With a logic analyzer a developer gets greater access to the behavior of the application and begins to recognize that ‘something strange’ is going on. Yes it’s a ‘code view’ tool, and shows data as timing diagrams, protocol decodes, state machine traces, assembly language or its correlation with source level software, however it offers no direct relationship with energy usage.
Combine the logic analyzer, the multimeter, and the spreadsheet and you do start to make a decent connection between energy usage and code, but the time and effort spent in setting up all the test equipment (and possibly repeating it identically on numerous occasions), making the measurements and recording them into spreadsheets can be prohibitive if not practically impossible.
Low power processors such as the ARM Cortex-M3 however are already providing a SWO (serial wire output) that can be used to provide quite sophisticated and flexible debug and monitoring capabilities that tool suppliers can harness to enable embedded developers to directly correlate code execution with energy usage.

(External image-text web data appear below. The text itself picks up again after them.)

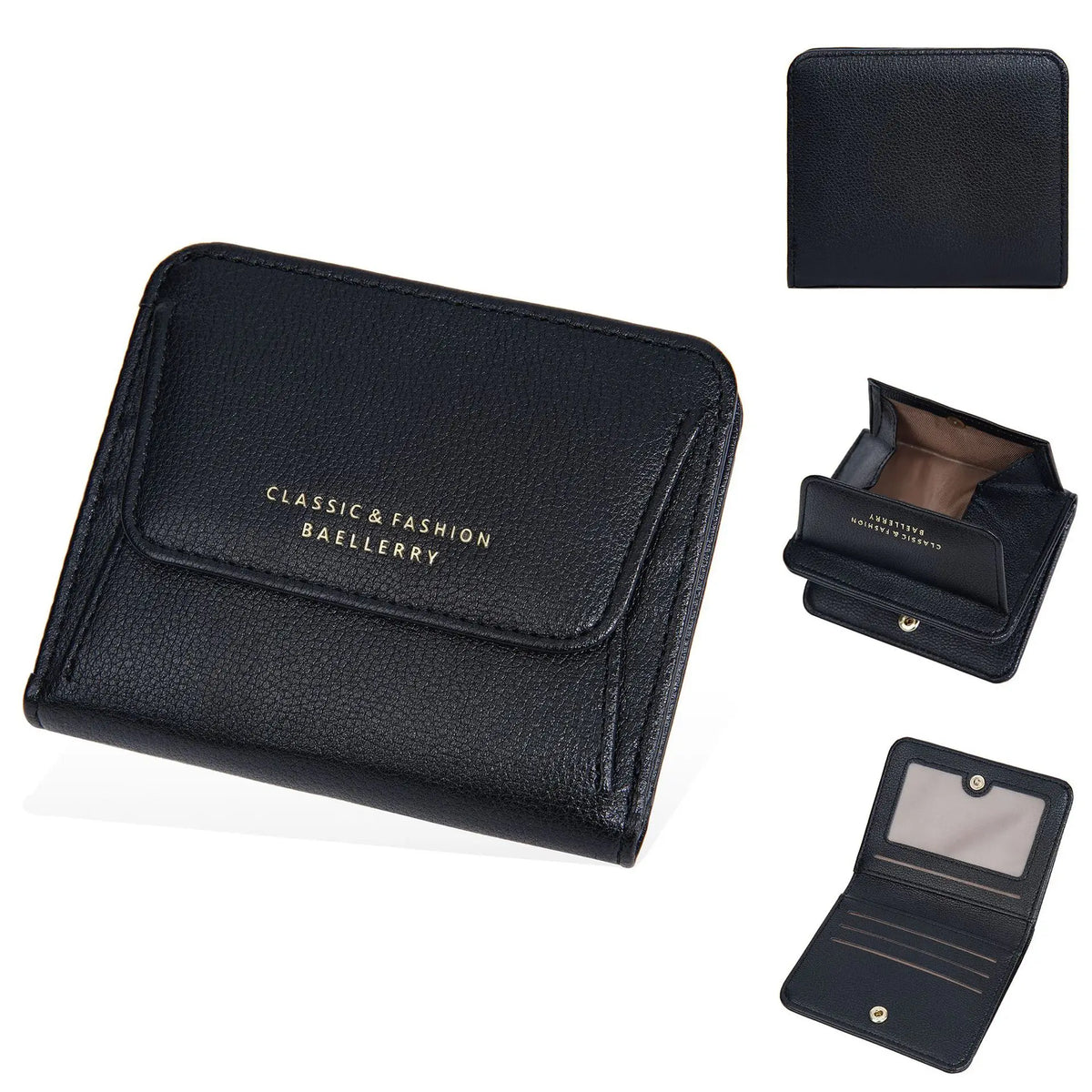 Portefeuille femme  en simili cuir grainé avec porte-monnaie zippé — photo 3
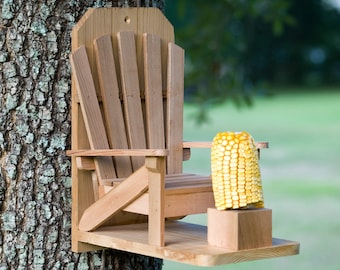 Squirrel Feeder, Cypress/Cedar Adirondack Chair, Father&#39;s Day Gift, Homemade, Grandparents Gift, Housewarming Gift, Teacher Gift, Unique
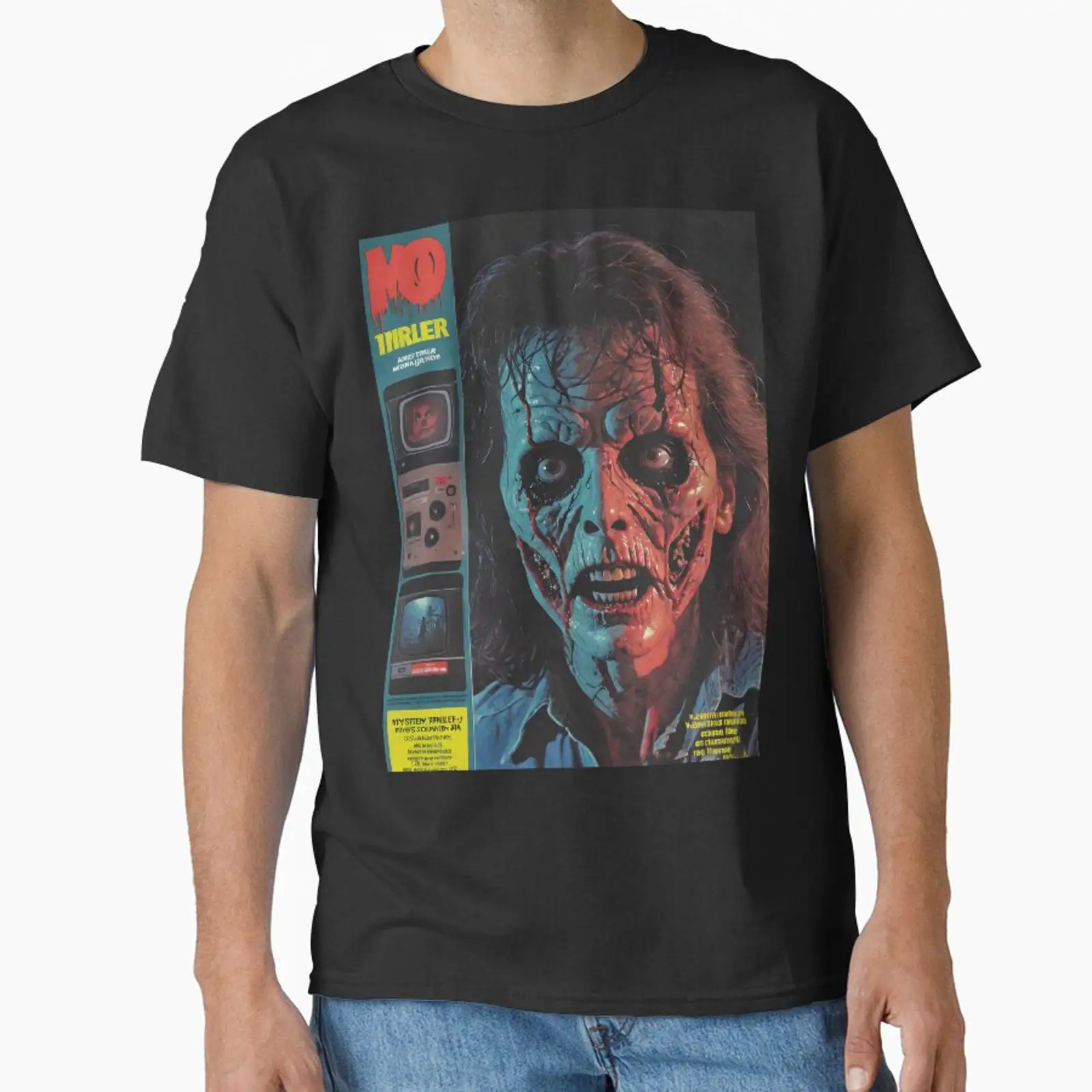 Mens Fashion Magazines - เสื้อยืดลายกราฟิกวินเทจสไตล์คลาสสิกจากนิตยสาร Horror TV ผ้าซักนุ่ม สไตล์สตรีทแวร์ ดีไซน์เนอร์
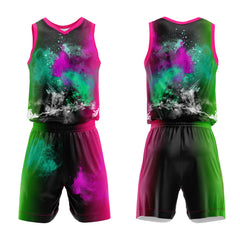 Custom Splash Rose Green Basketball Jersey Uniform Suit Printed Your Logo Name Number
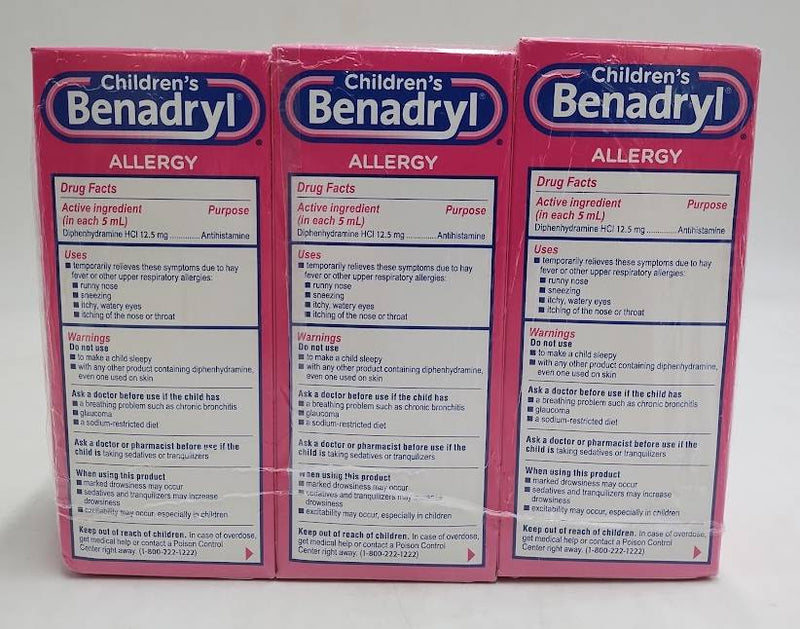LOT OF 3 Children's Benadryl Allergy Relief Liquid Cherry 8 fl oz EXP 12/2027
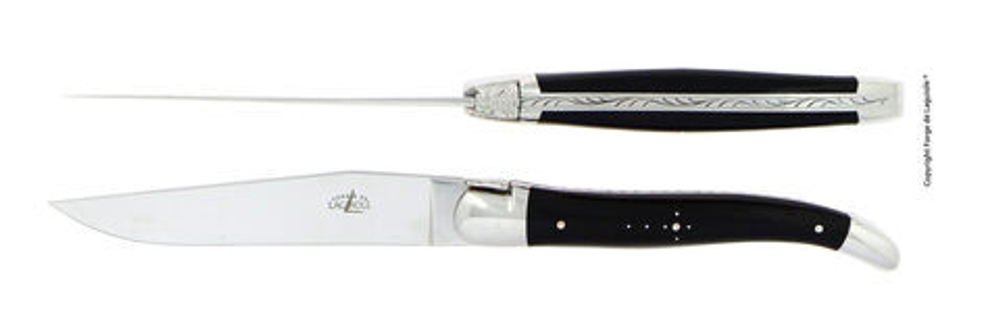 Set of 2 table knives, 2 stainless steel bolsters, dark horn tip handle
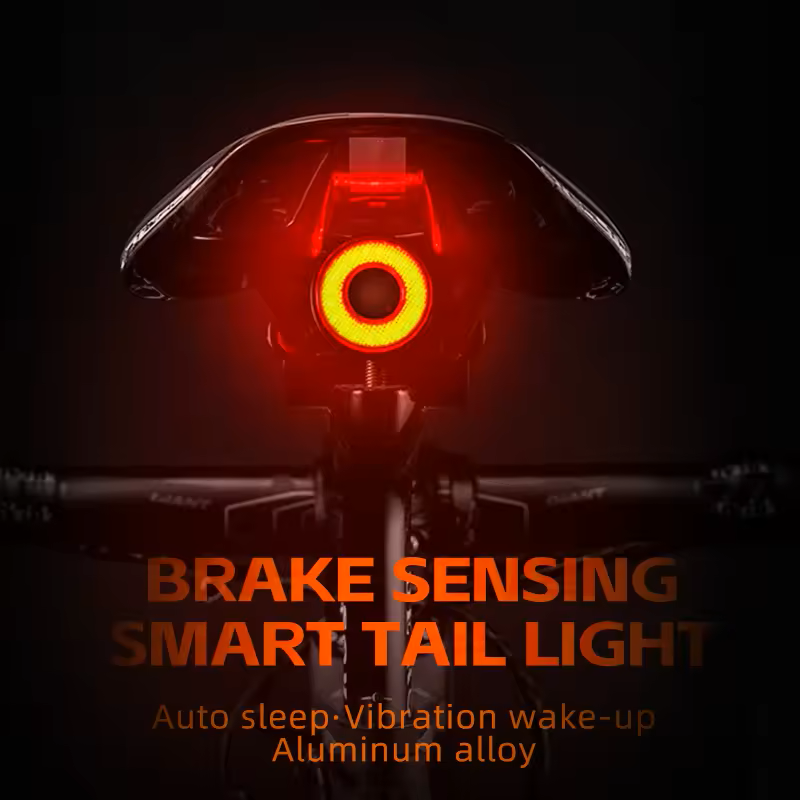 Rockbros BICYCLE Smart BRAKE & TAIL LED LIGHT-  USB Rechargeable & Waterproof - SADDLE MOUNT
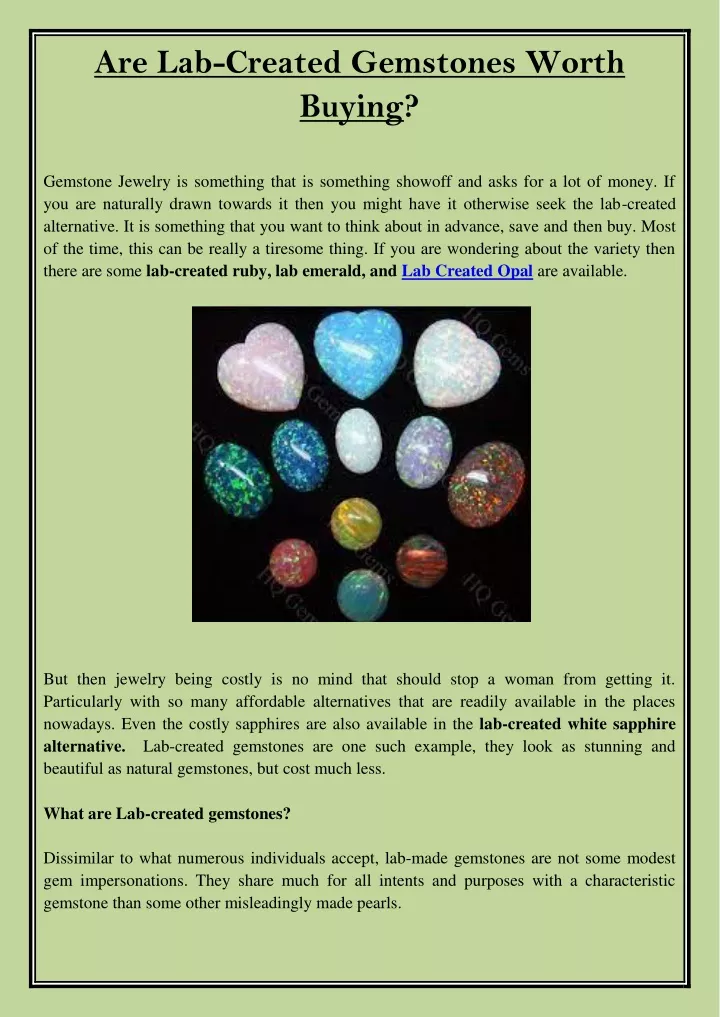 are lab created gemstones worth buying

Simple development platforms can be created which permanently sample microcontroller power rail current consumption, convert it, and send it along with voltage and timing data via USB to a PC-based energy-to-code profiling tool. Courtesy of the ARM’s SWO pin, the tool can also retrieve program counter information from the CPU. The coming together of these two streams of data enables true ‘energy debugging’ to take place.
Provided that current measurements have a fairly high dynamic range, say from 0.1µA to 100mA, then it’s possible to monitor a very wide and practical range of microcontroller current consumption. Once uploaded with the microcontroller object code, the energy profiling tool then has all the information resources it needs to accurately correlate energy consumption with code.
The tool correlates the program-counter value with machine code, and because it is aware of the functions of the C/C++ source program, it can then readily indicate how energy use changes as various functions run. So the idea of a tool that can highlight to a developer in real time, an energy-hungry code problem comes to fruition. The developer watches a trace of power versus time, identifies a surprising peak, clicks on it and is immediately shown the offending code.
Such an ability to identify and rectify energy drains in this way and at an early stage of prototype development will certainly help reduce the overall energy consumption of the end product, and it will not add to the development time either, on the contrary.
We would all be wise to consider the debug process of low power embedded systems development as becoming a 3-stage cycle from now on: hardware debugging, software functionality debugging, and software energy debugging.
Microcontroller development tools need to evolve to enable designers to identify wasteful ‘energy bugs’ in software during the development cycle. Discovering energy-inefficient behavior that endanger battery lifetime during a product field trial is after all rather costly and really just a little bit too late!